### DATA TO EXAMINE
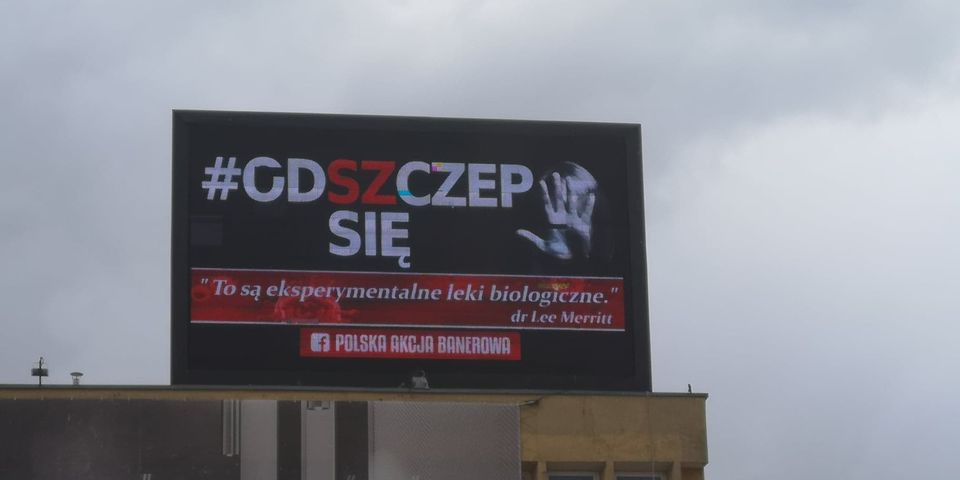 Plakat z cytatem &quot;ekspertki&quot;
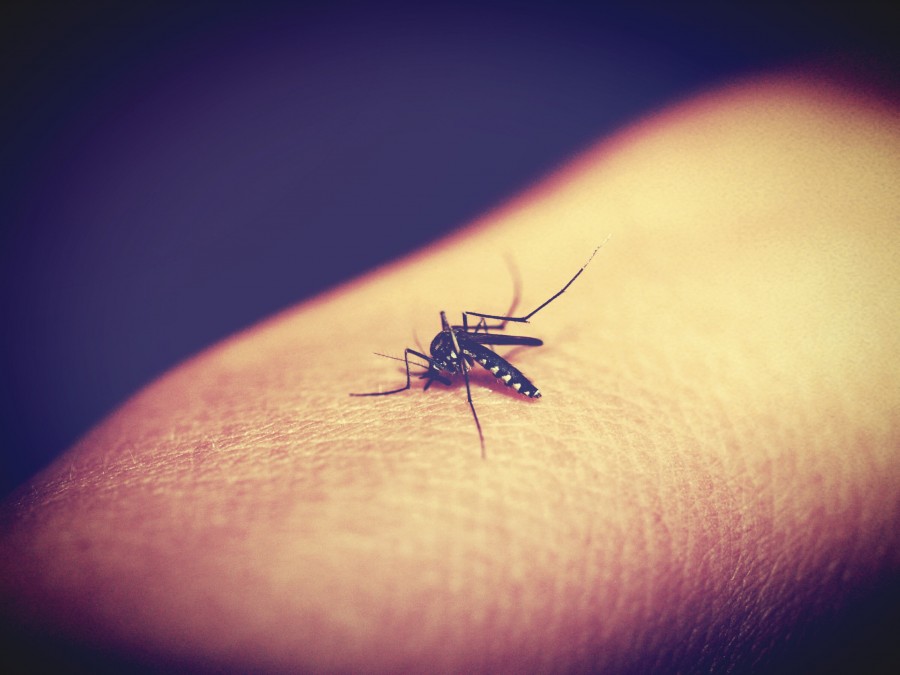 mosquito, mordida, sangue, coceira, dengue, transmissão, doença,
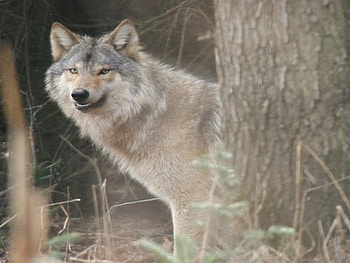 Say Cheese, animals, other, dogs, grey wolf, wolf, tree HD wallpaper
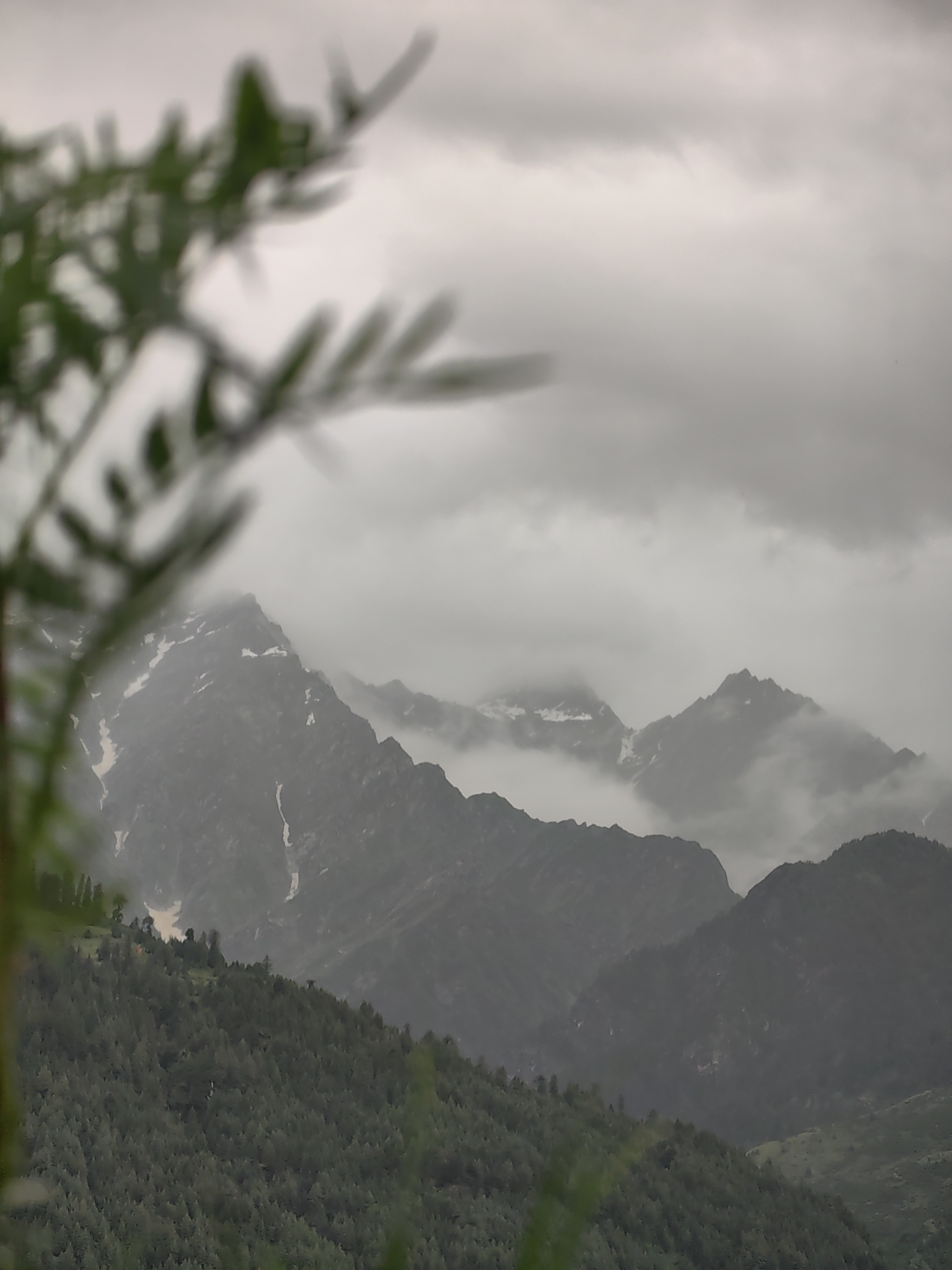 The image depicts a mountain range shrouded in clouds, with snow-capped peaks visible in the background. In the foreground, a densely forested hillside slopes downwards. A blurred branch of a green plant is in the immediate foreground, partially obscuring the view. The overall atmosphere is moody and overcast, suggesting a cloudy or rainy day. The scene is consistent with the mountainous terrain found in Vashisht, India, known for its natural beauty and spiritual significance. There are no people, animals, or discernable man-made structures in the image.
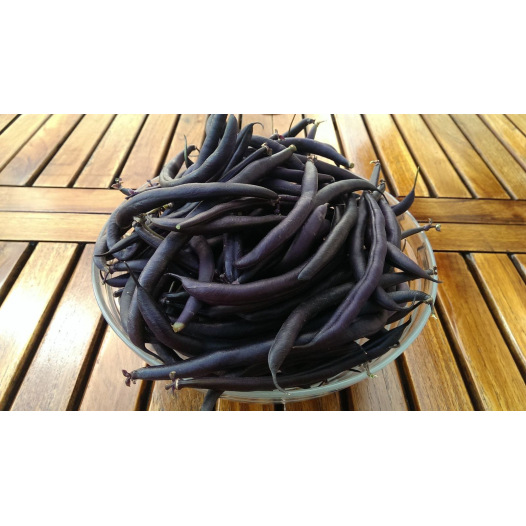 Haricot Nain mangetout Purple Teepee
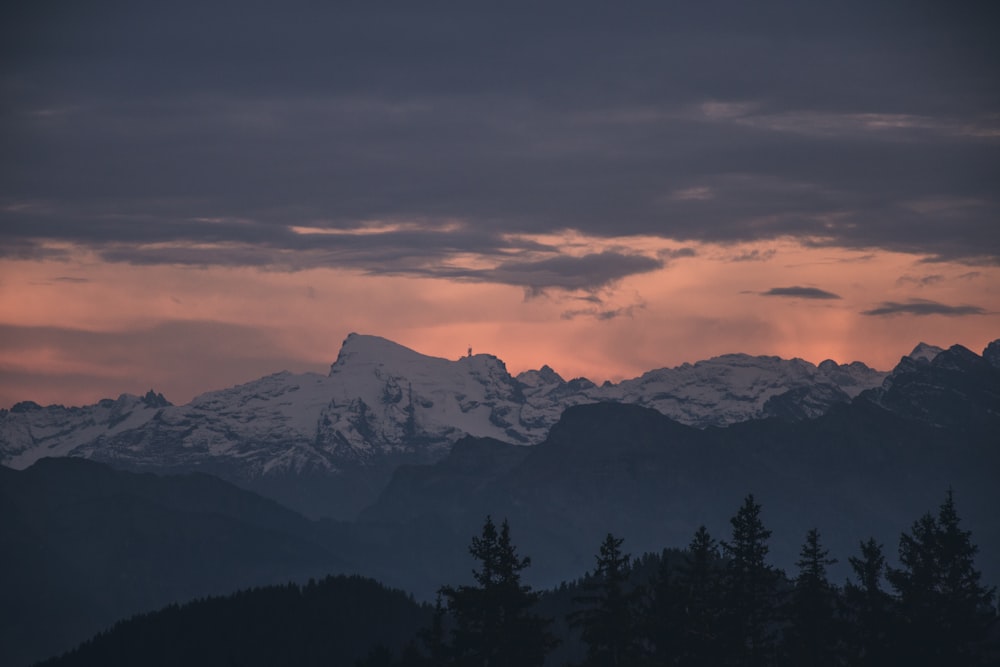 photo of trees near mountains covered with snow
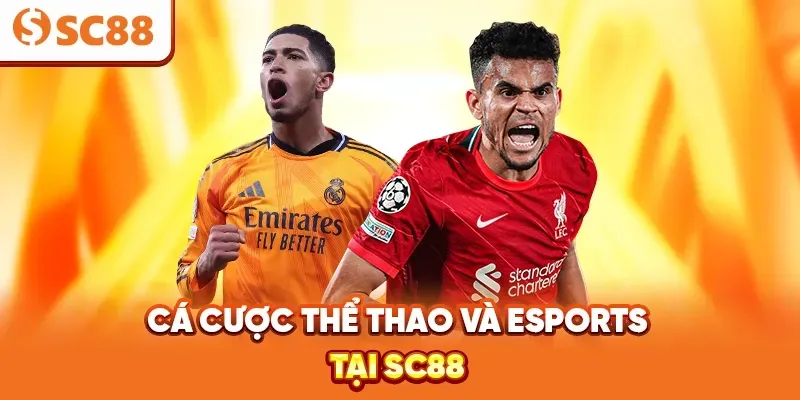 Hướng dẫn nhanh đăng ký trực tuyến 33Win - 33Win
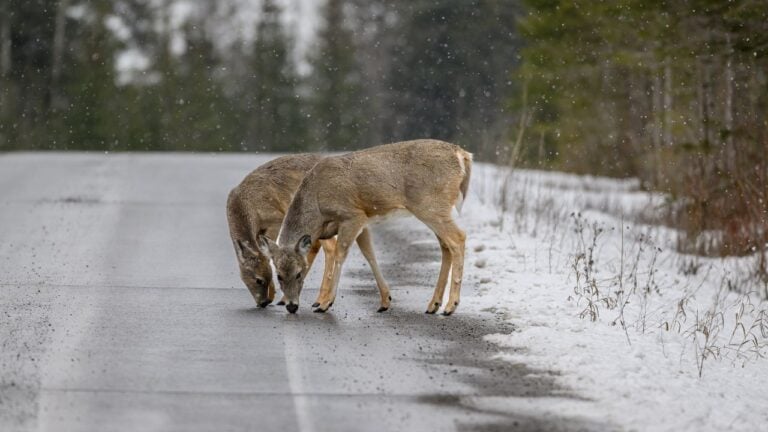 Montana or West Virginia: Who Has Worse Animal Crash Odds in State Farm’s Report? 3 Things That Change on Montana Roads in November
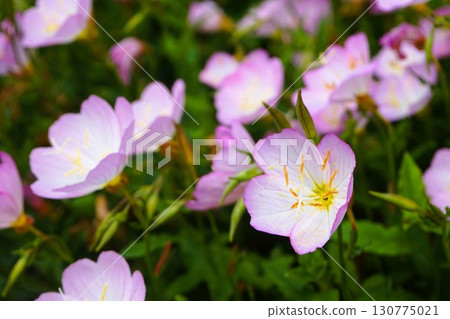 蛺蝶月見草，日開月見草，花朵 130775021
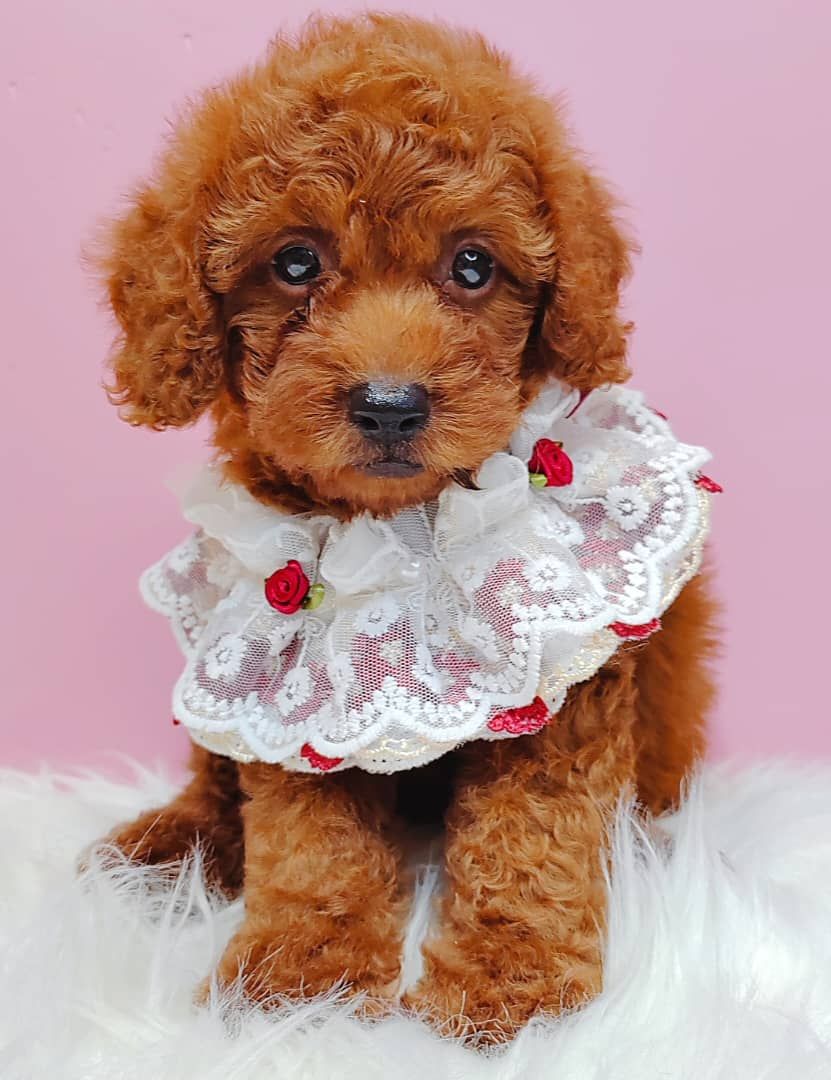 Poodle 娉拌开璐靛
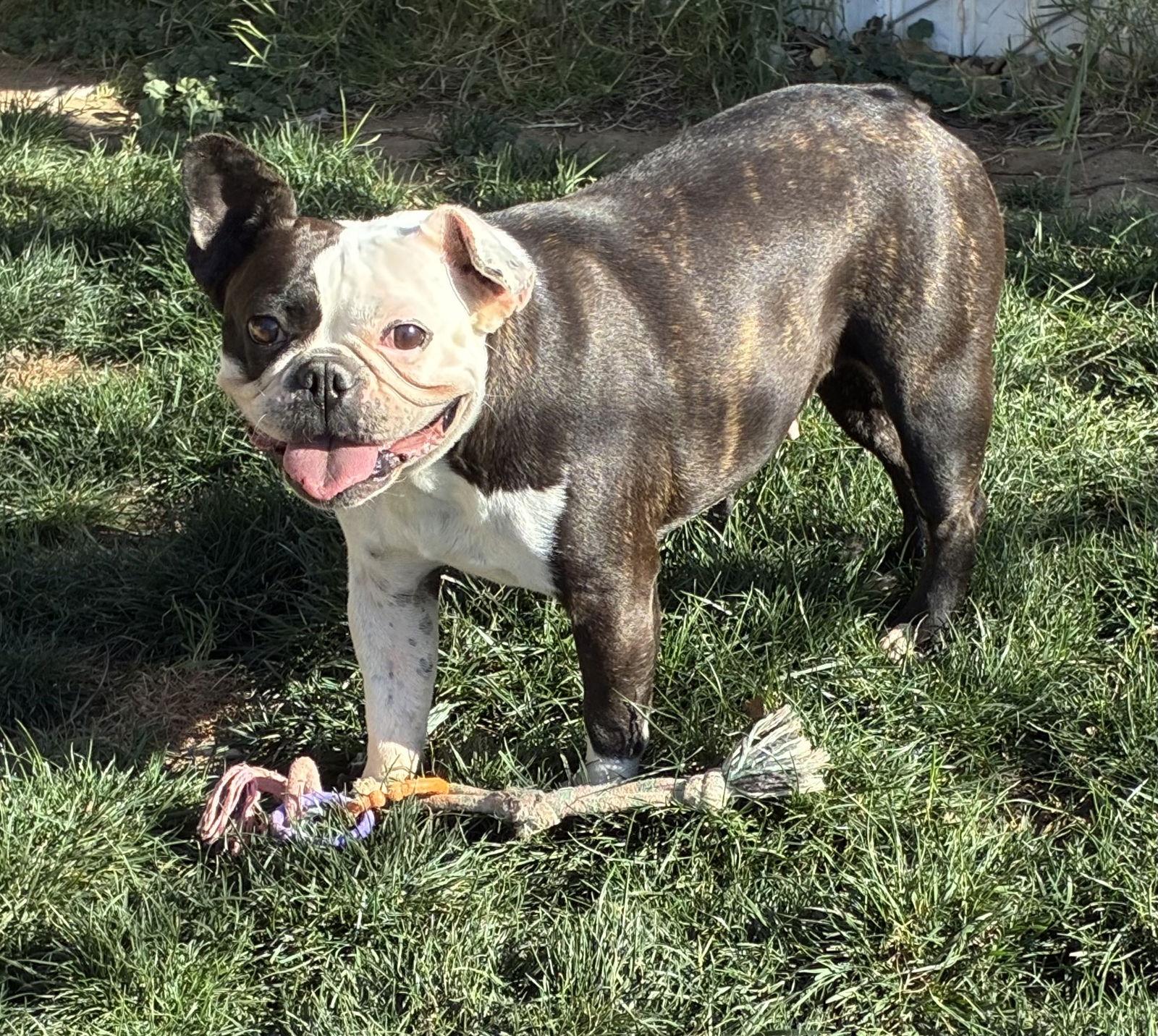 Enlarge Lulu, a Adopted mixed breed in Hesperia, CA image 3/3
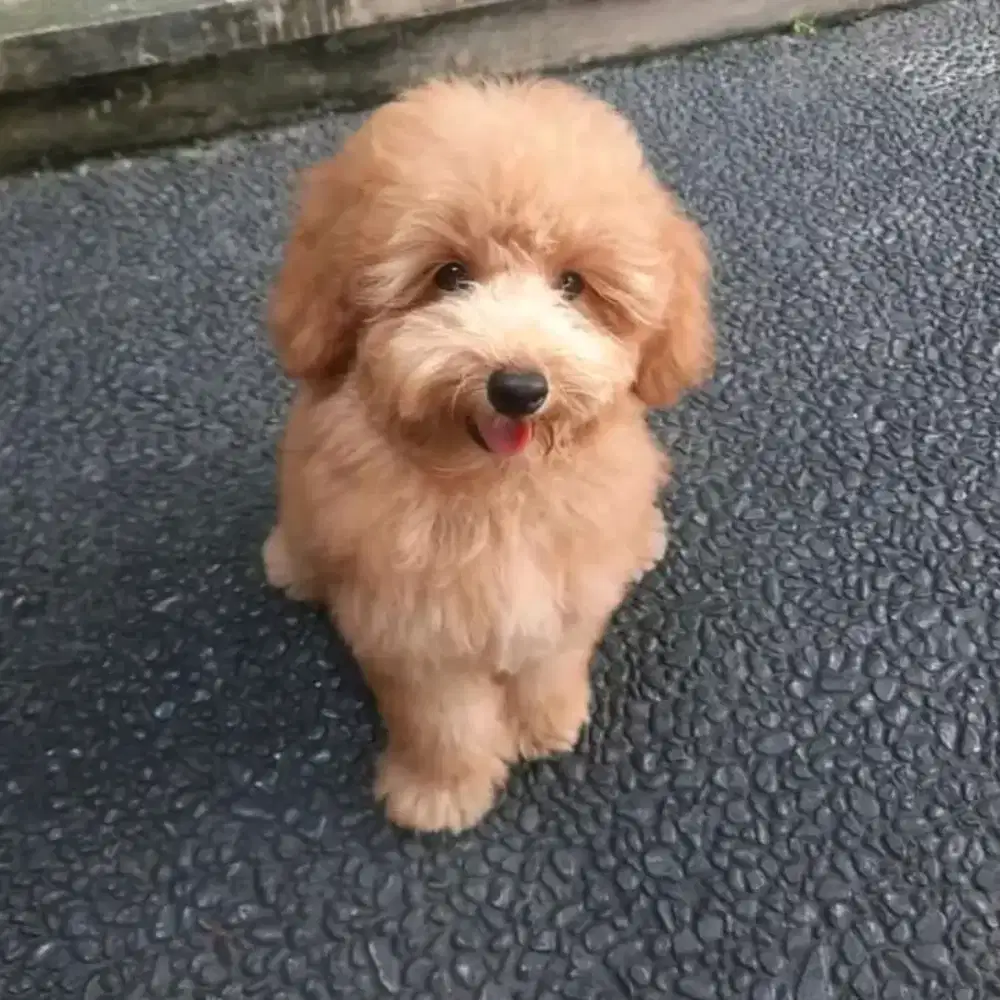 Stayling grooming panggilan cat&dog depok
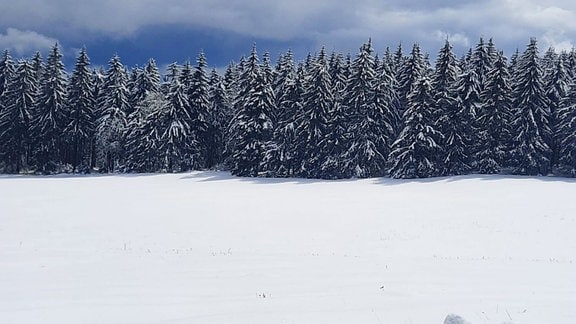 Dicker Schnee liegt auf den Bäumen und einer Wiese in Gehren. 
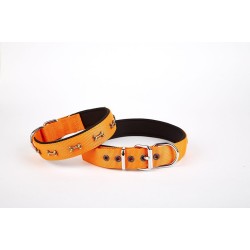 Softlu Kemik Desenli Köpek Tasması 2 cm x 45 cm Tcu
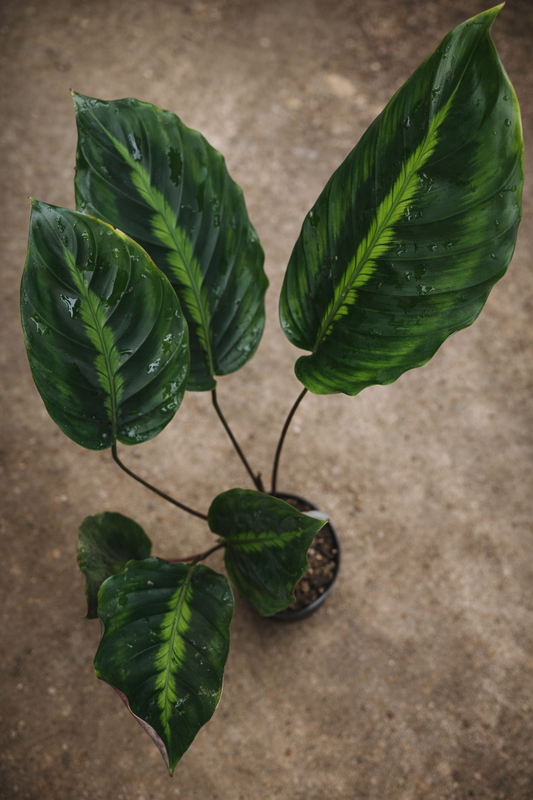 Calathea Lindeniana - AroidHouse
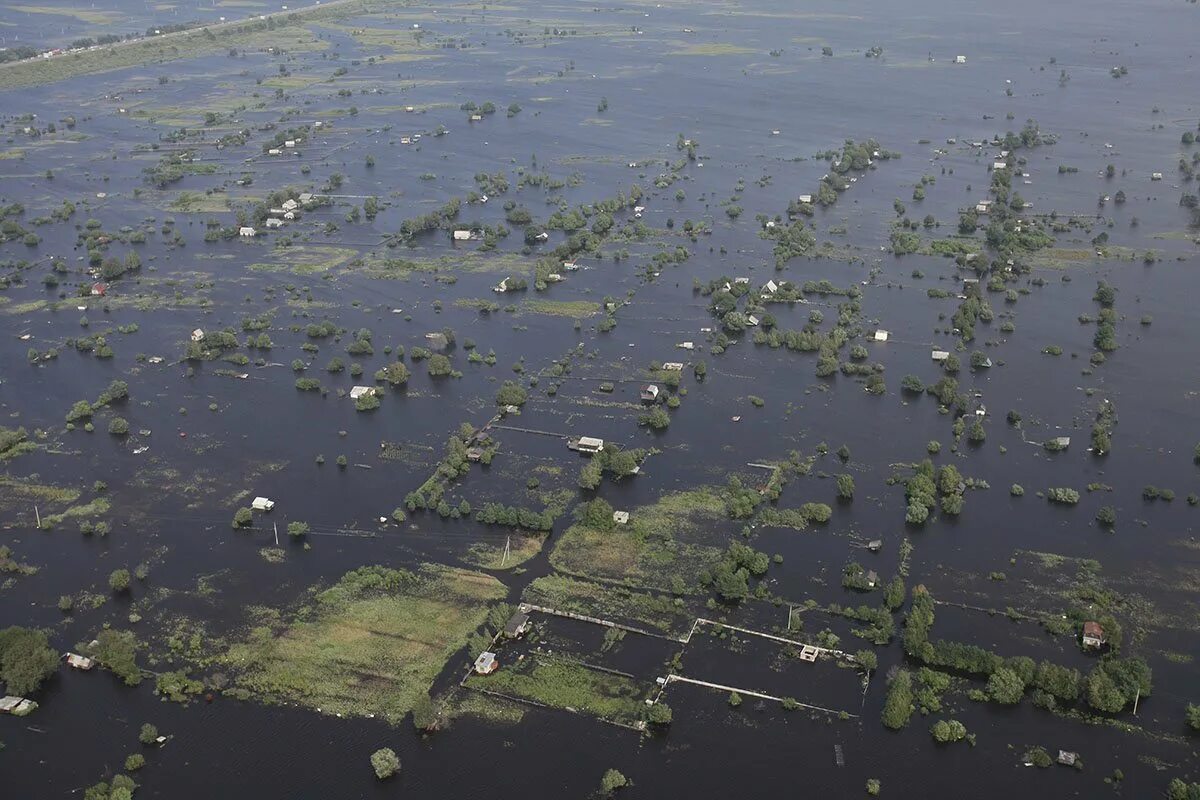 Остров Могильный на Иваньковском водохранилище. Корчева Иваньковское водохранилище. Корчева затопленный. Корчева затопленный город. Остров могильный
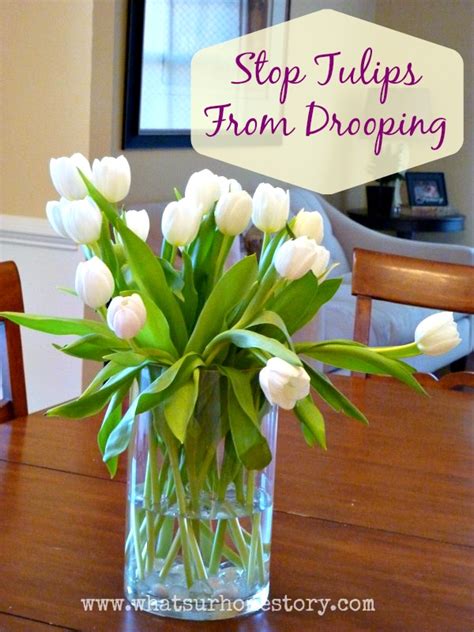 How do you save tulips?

### WORK TO COMPLETE
Word for word, restate the lines above from the one with "蛺蝶月見草，日開月見草，花朵 130775021" through the one with "Остров Могильный на", keeping both ends and dropping the pictures.

### ANSWER FOR THE TASK
 蛺蝶月見草，日開月見草，花朵 130775021
 Poodle 娉拌开璐靛
 Enlarge Lulu, a Adopted mixed breed in Hesperia, CA image 3/3
 Stayling grooming panggilan cat&dog depok
 Dicker Schnee liegt auf den Bäumen und einer Wiese in Gehren. 
 Softlu Kemik Desenli Köpek Tasması 2 cm x 45 cm Tcu
 Calathea Lindeniana - AroidHouse
 Остров Могильный на Иваньковском водохранилище. Корчева Иваньковское водохранилище. Корчева затопленный. Корчева затопленный город. Остров могильный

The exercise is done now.